--- Available data ---

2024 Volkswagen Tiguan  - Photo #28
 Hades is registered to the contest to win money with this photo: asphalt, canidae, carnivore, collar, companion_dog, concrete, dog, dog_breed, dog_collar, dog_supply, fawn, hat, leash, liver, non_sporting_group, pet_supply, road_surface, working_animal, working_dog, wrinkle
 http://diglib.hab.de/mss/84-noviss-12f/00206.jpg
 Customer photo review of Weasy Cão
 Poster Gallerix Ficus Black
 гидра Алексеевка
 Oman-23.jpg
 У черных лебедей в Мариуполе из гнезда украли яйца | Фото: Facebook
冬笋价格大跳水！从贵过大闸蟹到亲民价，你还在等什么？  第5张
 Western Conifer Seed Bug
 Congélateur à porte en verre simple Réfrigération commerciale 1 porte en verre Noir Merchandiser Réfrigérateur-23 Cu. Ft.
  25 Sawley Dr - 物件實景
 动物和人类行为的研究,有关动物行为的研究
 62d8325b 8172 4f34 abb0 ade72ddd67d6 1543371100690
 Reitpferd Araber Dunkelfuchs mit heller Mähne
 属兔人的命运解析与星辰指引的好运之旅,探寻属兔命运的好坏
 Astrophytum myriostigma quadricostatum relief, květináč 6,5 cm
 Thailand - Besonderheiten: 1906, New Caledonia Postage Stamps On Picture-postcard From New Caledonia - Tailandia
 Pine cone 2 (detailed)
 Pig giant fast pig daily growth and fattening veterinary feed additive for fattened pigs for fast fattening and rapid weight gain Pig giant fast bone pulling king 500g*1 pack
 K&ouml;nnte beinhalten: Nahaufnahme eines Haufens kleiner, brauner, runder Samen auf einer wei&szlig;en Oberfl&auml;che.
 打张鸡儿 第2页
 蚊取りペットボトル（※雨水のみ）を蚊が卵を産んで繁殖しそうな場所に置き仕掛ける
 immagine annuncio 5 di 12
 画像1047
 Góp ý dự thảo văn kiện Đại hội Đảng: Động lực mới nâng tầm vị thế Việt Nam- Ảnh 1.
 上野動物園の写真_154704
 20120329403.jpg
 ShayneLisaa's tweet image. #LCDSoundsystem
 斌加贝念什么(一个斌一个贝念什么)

---

_Problem:_
Could you quote, exactly as they appear, the line containing "Reitpferd Araber Dunkelfuchs" and every line after it to the end of the records above?

_Solution to this problem:_
 Reitpferd Araber Dunkelfuchs mit heller Mähne
 属兔人的命运解析与星辰指引的好运之旅,探寻属兔命运的好坏
 Astrophytum myriostigma quadricostatum relief, květináč 6,5 cm
 Thailand - Besonderheiten: 1906, New Caledonia Postage Stamps On Picture-postcard From New Caledonia - Tailandia
 Pine cone 2 (detailed)
 Pig giant fast pig daily growth and fattening veterinary feed additive for fattened pigs for fast fattening and rapid weight gain Pig giant fast bone pulling king 500g*1 pack
 K&ouml;nnte beinhalten: Nahaufnahme eines Haufens kleiner, brauner, runder Samen auf einer wei&szlig;en Oberfl&auml;che.
 打张鸡儿 第2页
 蚊取りペットボトル（※雨水のみ）を蚊が卵を産んで繁殖しそうな場所に置き仕掛ける
 immagine annuncio 5 di 12
 画像1047
 Góp ý dự thảo văn kiện Đại hội Đảng: Động lực mới nâng tầm vị thế Việt Nam- Ảnh 1.
 上野動物園の写真_154704
 20120329403.jpg
 ShayneLisaa's tweet image. #LCDSoundsystem
 斌加贝念什么(一个斌一个贝念什么)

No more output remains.